Regardless of who Berlanga signs with next, his plan is simple: win 2-3 big fights and prepare for a second opportunity against Alvarez in yet another chapter of the classic Mexico-Puerto Rico boxing rivalry. 

“I’ll smash Canelo because when I fought him, I was only at 50%,” Berlanga said. “I went through MRIs during that camp. I had tendonitis all over my elbow and I was taking cortisone shots. I fought that guy at 50% on a six-week notice. I know I can smash him. Canelo is a great fighter but I know I have more. I took his best shot and he hasn’t got my best shot yet. You hit me with your best shot on my chin and I still got up and I took it. I was still talking shit and I still told you ‘f— you’ in the ring. 

“So, what are you going to do to me? The only thing you could do is hit me with a f—ing Dragon Ball Z punch with flames coming out of your glove and then probably you would knock me out. I haven’t given you my shit yet. For the rematch, I want to see if you could take my shit.”

But when it comes to which boxer might fill the vacant gap of elite Puerto Rican stars which once formed a lineage including the likes of Hector Camacho, Felix Trinidad and Miguel Cotto, Berlanga believes, “I’m the guy, right now.” He isn’t necessarily interested, however, in convincing anyone else.  
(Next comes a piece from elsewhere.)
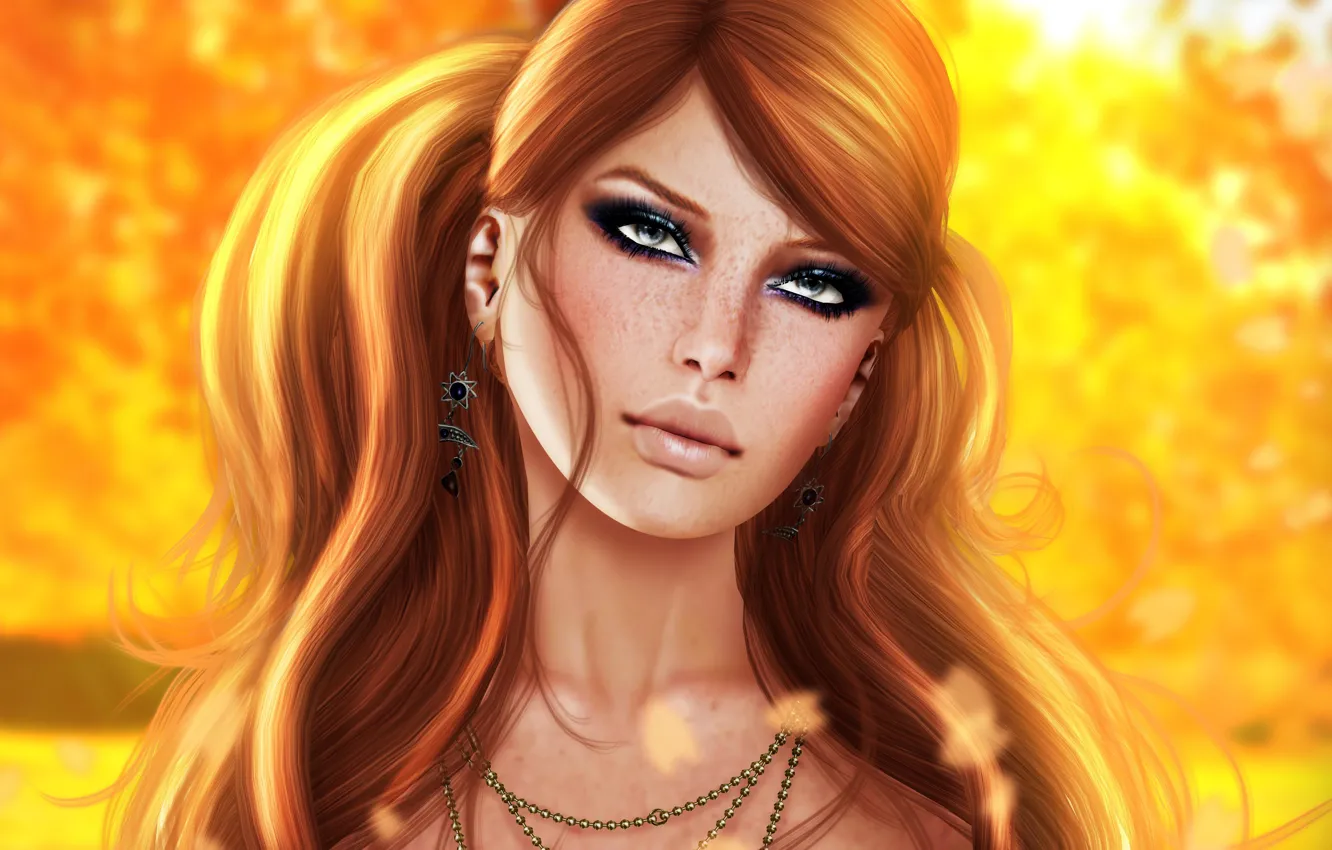 Photo wallpaper look, girl, face, rendering, background, hair, lips, freckles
“I don’t feel like there is anybody that’s putting on for the way I am at that elite level and the top of the top,” Berlanga said. “I’m fighting big names, talking shit and looking good. I’m being humble but also being a guy who is not backing down from anybody and will tell you to f— off. I think I’m that guy right now but I let the fans choose. I’m not fighting for that position no more [like] when I was coming up. If you love me, you love me and if you hate me, you hate me. At the end of the day, you are still going to pay and watch me, motherf—er.”